Earn More Money With Your Emergency Fund

Savvy parents know the importance of savings.  You can use online calculators to determine how much you need to save for common family goals.  Your goals can be raising a baby to purchasing a new car.  In addition to saving for the expected, you should also be saving for the unexpected. Having enough saved for up to 6 months of expenses in an emergency savings fund can eliminate stress from unexpected illnesses or other financial burdens.  So, consider keeping your money in a high-interest savings account.  Furthermore, you should understand how interest on savings accounts can benefit you.

financial planning tips

 

Start Saving for Your Retirement Before College

Recent surveys show that more than half of all parents in America are saving for their kids’ future college tuition before they begin saving for their own retirement.  While saving for college can provide stability for your children, they may end up having to support you during your retirement years.  So, do yourself and your children a favor by saving enough to keep yourself financially secure during retirement.

 

 


 

 

Invest in Real Estate for Your Children’s Future

Buying a home can come with some pretty incredible perks.  For example, tax breaks, consistent housing costs, and equity.  These perks can benefit your children as well.  If you can swing it, an investment property can be an even smarter way to provide financial security for your family. In fact, buying an investment property first can help you create a passive form of extra income.  It can be used buy a first home or pay off debts.

 

Consider Padding Your Income With a Side Gig

If investing in real estate is out of the question right now, there is still a fairly simple way to add some extra income to your family’s budget: Get started with a side gig.
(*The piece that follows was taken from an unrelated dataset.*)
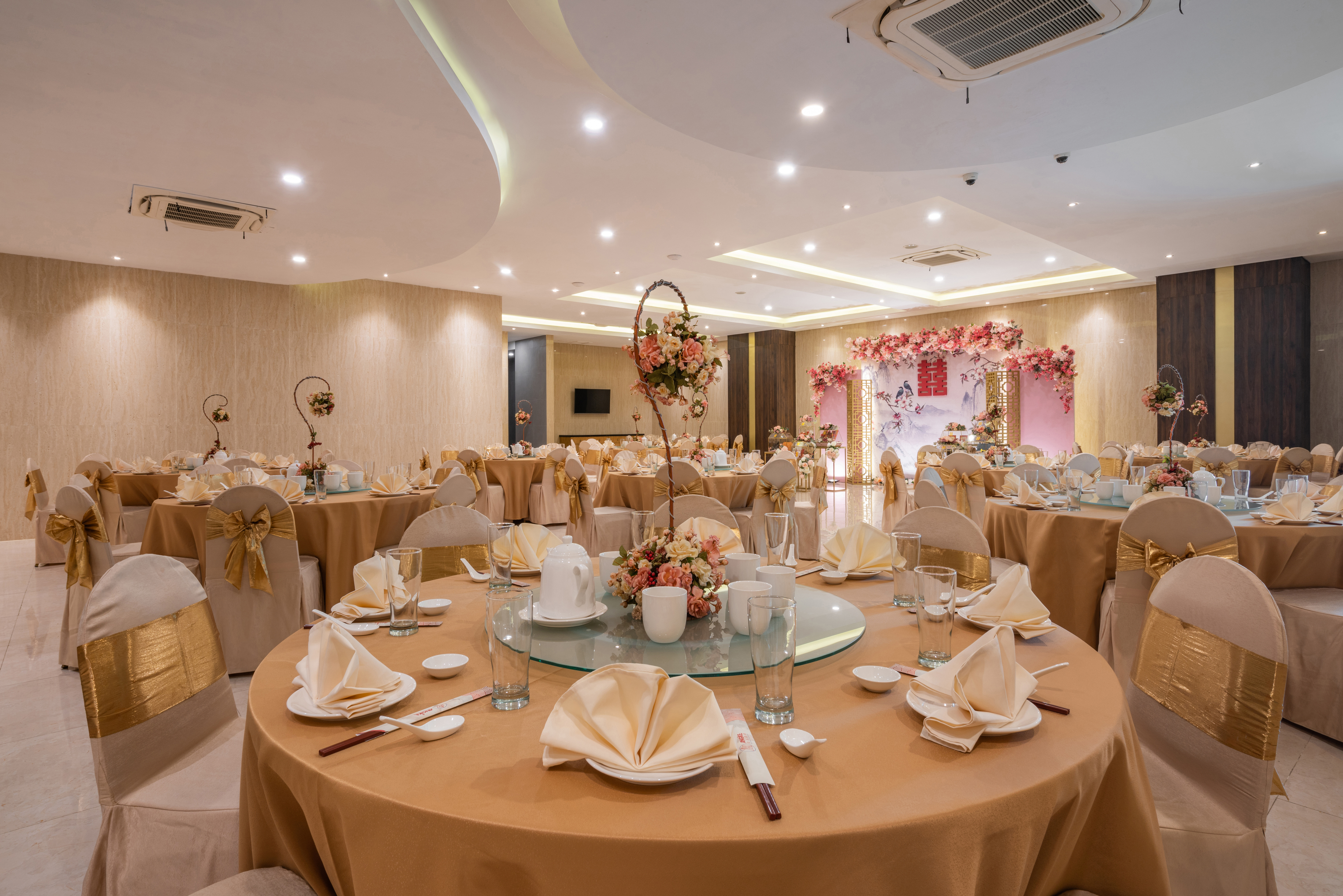 Angke Venue Lt 3 ( 12 meja / 120 pax )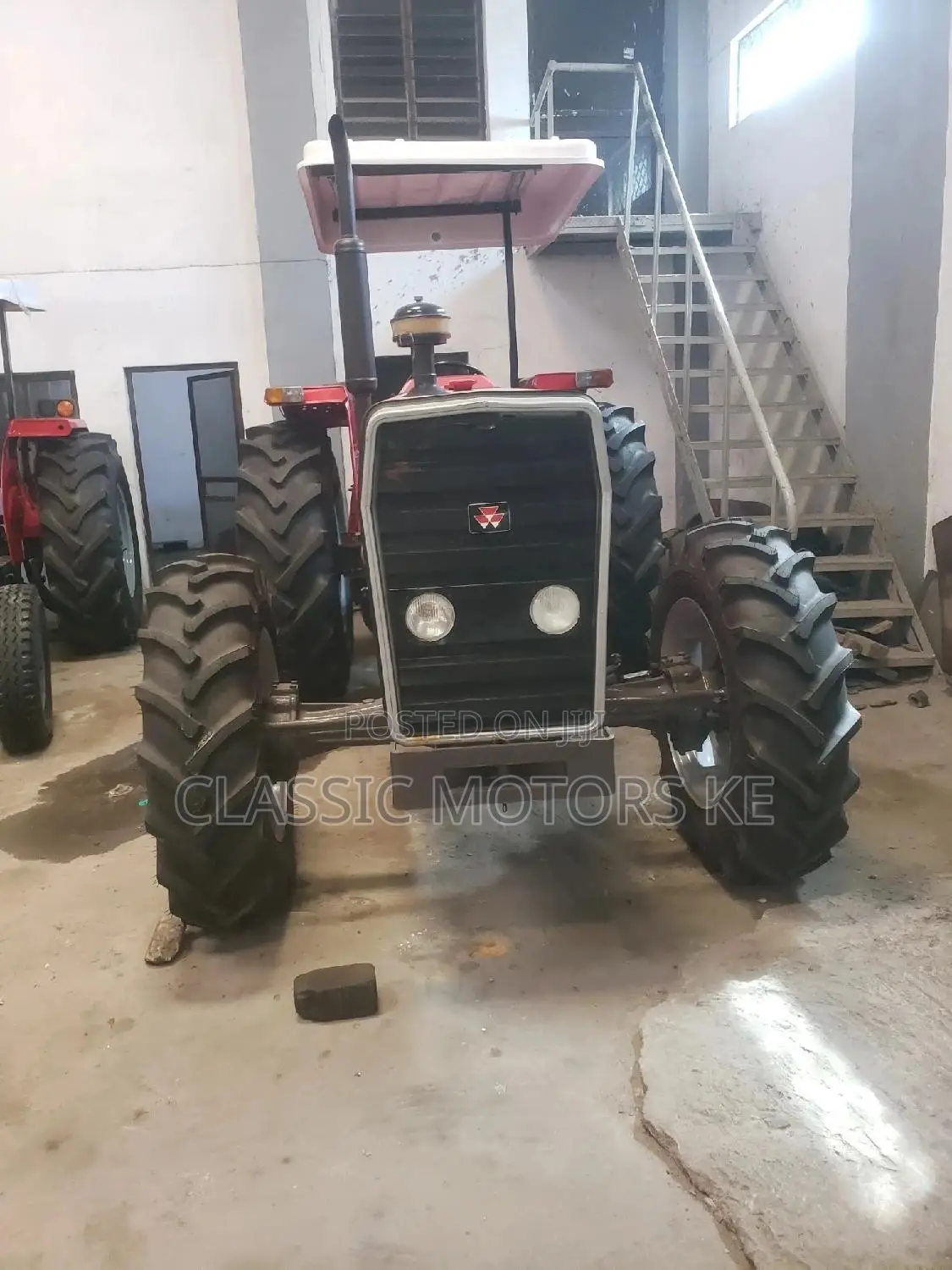 Massey Ferguson MF 290, 4 Wheel Drive Tractor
Second jobs are becoming increasingly popular as an added source of income.  That’s because working a second job typically involves flexible hours.  Also, many jobs can be performed remotely which can be beneficial for time-strapped parents. If you want to bulk up your budget, think about driving for a rideshare company, taking online surveys from home, or searching for other side job opportunities.

You’re used to going the extra mile to provide a life of happiness and health for your family. Do the same with your financial planning by taking some extra steps.  With a little more effort and implementing a few of these financially planning tips, you can ensure a brighter financial future for your children and your family.